At first glance it seems obvious that you should set these attributes to take advantage of all the features in MQ to automatically tolerate and recover from failures, but what exactly should you consider when deciding how to set these attributes?
As mentioned above, the CFCONLOS attribute controls whether the queue manager tolerates loss of connectivity to a CF structure. The two possible options are to tolerate the failure, or terminate. Note that terminating will cause an outage of the entire QSG if all queue managers lose connectivity to a structure.
Normally we would suggest setting CFCONLOS(TOLERATE). This means that queue managers remain available when connectivity is lost to a structure, so private queues will still be available. Queue managers will also try to reconnect to the structure, causing the structure to be reallocated in another CF, if one is available.
Tolerating loss of connectivity seems like a good thing, so why wouldn’t you want to do it? To answer that question, consider what the impact will be to applications that use the queue manager.
When a queue manager loses connectivity to a CF structure, applications connected to the queue manager will not be able to perform any shared queue work. Also, channels will not be able to put messages destined for shared queues. So the problem is now pushed out to applications and other queue managers that are connected to the QSG.
In some cases, a better option might be to set CFCONLOS(TERMINTATE), so the queue managers that lose connectivity become unavailable. If only some queue managers lose connectivity to the CF structure, then applications and shared channels connecting into the QSG can reconnect to the remaining queue managers which still have access to shared queues.
Of course, you need to consider whether most of the work being performed on the queue managers involves shared queues, as any private queues hosted by a queue manager will be unavailable if it terminates following loss of connectivity to a CF structure.
The other attribute to consider is RECAUTO, which controls whether the queue manager recovers CF structures automatically after a failure. This is essentially the same effect as issuing the RECOVER CFSTRUCT command automatically.
As with CFCONLOS, we would normally suggest setting RECAUTO(YES) so that a queue manager in the QSG automatically recovers the structure following a failure, but are there any cases when you wouldn’t want to do this?
Recovering a CF structure involves reading the log data of (potentially) all queue managers in the QSG. This can be a time consuming process. How long depends on the time since the last structure backup was taken (you do backup your CF structures every hour or less, don’t you?), and how much data has been logged since then, but it could well take several minutes. If you want to regain access to the shared queues on a structure quickly after a failure, but without recovering any messages, then you might want to set RECAUTO(NO) and issue the RECOVER CFSTRUCT TYPE(PURGE) command to get a new, empty, copy of the structure.
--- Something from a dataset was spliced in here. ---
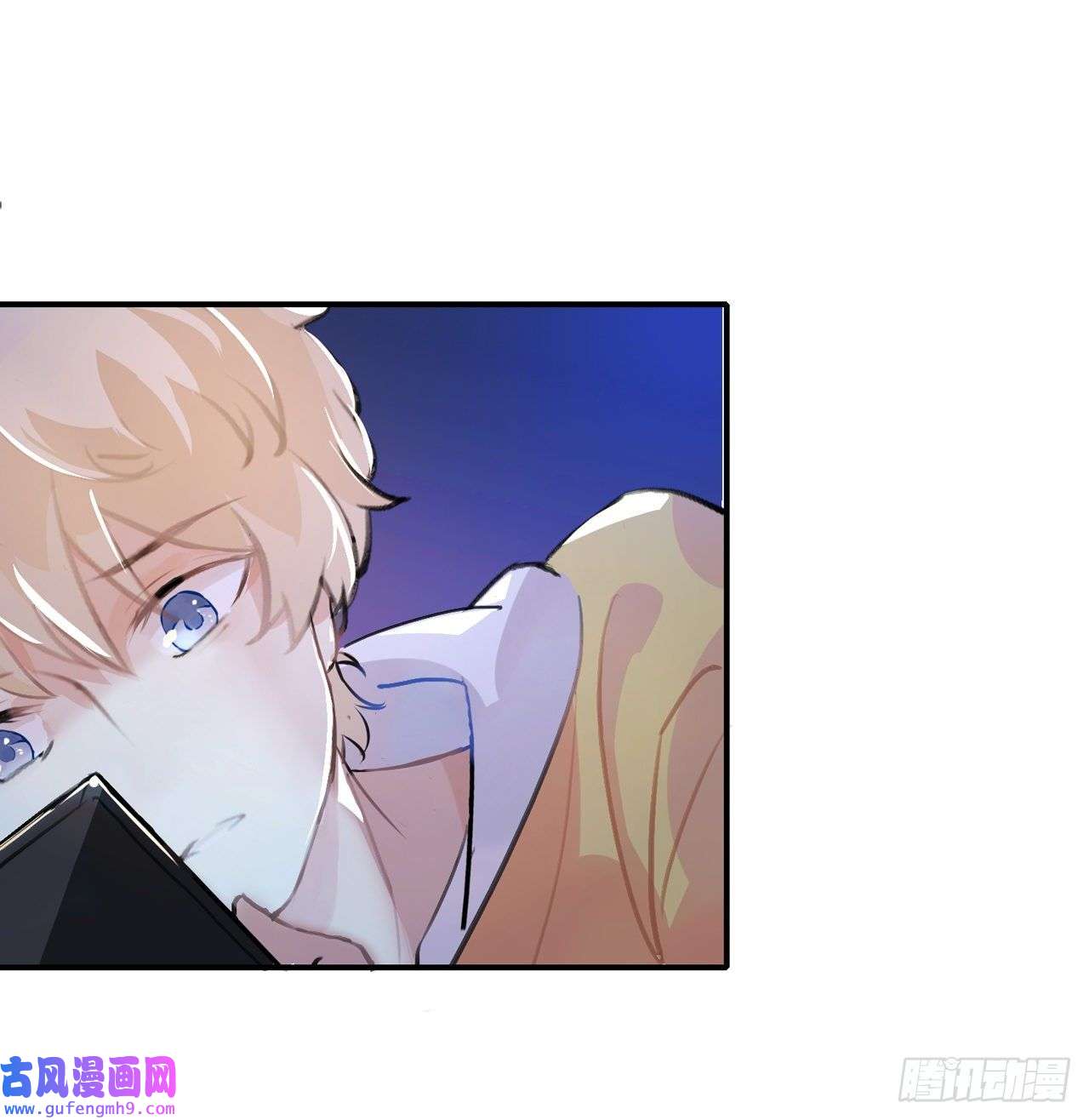 我的室友不对劲要不你来跟我合租吧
A better configuration might be to separate persistent and non-persistent messages on different structures, with the structures for non-persistent messages defined as being not recoverable (defined with RECOVER(NO)). That way, the structures for non-persistent messages will be available (but empty) following a failure as soon as a CF is available to allocate them, and the structures containing persistent messages will be available after they have been recovered (automatically if you set RECAUTO(YES)).